Darmawi menambahkan, kemacetan kian parah seiring maraknya pungutan liar di sekitar tempat penarikan restribusi (TPR) Terminal Talang Gulo, Kota Jambi. Praktik liar itu, katanya, menyebabkan perjalanan dari terminal ke Simpang Pal 10 yang hanya berjarak 9 kilometer memakan waktu 3-4 jam.
”Karena tidak tahan macet, banyak pengemudi mencari jalan pintas. Masalah ini telah kami keluhkan berulang kali, tetapi belum ada tindak lanjut aparat berwenang,” ujar Darmawi.
Banyaknya angkutan batubara yang merambah hingga dalam kota tak hanya menimbulkan kerusakan jalan, tetapi juga meluasnya kemacetan serta berpotensi menyebabkan kecelakan lalu lintas. Apalagi, sebagian angkutan batubara juga memenuhi stasiun pengisian bahan bakar umum (SPBU) di dalam kota sehingga menyebabkan antrean panjang kendaraan memenuhi jalan.
Anggota Komisi V DPR, Sudewo, mempertanyakan kebijakan pemerintah daerah dan pihak terkait lain yang berkompromi dengan aktivitas pengangkutan batubara di jalan umum. Padahal, undang-undang sudah jelas mengatur bahwa angkutan batubara dilarang melintas di jalan umum. Pengusaha tambang wajib membuat jalan khusus sendiri.
”Di negeri ini ada banyak daerah yang menghasilkan tambang batubara, tetapi hanya di Jambi yang pengangkutannya bikin masalah. Patut kita pertanyakan, ada apa?” katanya.

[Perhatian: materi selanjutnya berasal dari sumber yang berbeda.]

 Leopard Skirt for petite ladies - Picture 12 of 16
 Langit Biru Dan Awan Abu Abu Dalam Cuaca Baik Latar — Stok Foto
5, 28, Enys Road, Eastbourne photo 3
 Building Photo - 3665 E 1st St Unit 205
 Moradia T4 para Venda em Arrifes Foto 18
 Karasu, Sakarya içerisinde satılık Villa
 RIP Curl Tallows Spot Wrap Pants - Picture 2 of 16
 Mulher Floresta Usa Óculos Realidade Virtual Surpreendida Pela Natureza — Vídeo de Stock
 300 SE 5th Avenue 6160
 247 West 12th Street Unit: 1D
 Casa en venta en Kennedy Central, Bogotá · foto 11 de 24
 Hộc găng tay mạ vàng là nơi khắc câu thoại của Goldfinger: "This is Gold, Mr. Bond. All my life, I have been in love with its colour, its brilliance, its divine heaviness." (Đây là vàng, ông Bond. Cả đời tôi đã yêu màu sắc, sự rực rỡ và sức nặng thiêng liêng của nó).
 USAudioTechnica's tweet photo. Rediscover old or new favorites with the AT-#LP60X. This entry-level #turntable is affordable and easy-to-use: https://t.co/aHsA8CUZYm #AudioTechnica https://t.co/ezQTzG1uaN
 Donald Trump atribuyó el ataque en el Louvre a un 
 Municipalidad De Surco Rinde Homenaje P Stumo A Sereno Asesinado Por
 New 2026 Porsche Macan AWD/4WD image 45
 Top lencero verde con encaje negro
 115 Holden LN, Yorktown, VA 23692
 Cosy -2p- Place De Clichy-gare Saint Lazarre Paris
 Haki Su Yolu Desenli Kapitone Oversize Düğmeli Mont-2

Pemerintah Provinsi Jambi bahkan menerbitkan Instruksi Gubernur Jambi Nomor 8 Tahun 2022 yang membolehkan angkutan batubara dua sumbu melewati jalan publik dengan muatan lebih besar. Dalam poin kesatu instruksi itu disebutkan, pengangkutan batubara boleh sampai 8 ton, belum termasuk berat kendaraan.
Padahal, sesuai Peraturan Pemerintah Nomor 30 Tahun 2021, jalan kelas III didesain dengan muatan sumbu terberat kurang dari 8 ton. Hal itu sudah mencakup bobot truk dan isi muatannya.
”Ini menggambarkan ada toleransi besar dari pemda terhadap kepentingan batubara,” kata Sudewo.
Pada pekan lalu, Sudewo dan tim Komisi V DPR telah mengecek langsung masalah angkutan batubara di Jambi. Dari kunjungan kerja itu, tim meminta dua hal.
Pertama, ketegasan aparat dan pemerintah daerah mengatasi masalah pengangkutan batubara. Kedua, agar dilakukan evaluasi menyeluruh mengenai tambang batubara di Jambi dengan melibatkan kementerian terkait di Jakarta.
”Batubara yang melintasi jalan umum di Jambi ini apakah memberi manfaat bagi masyarakat atau tidak? Kalau tidak memberi manfaat, tutup saja. Ini perlu evaluasi serius,” ungkap Sudewo.
Di negeri ini ada banyak daerah yang menghasilkan tambang batubara, tetapi hanya di Jambi yang pengangkutannya bikin masalah. (Sudewo)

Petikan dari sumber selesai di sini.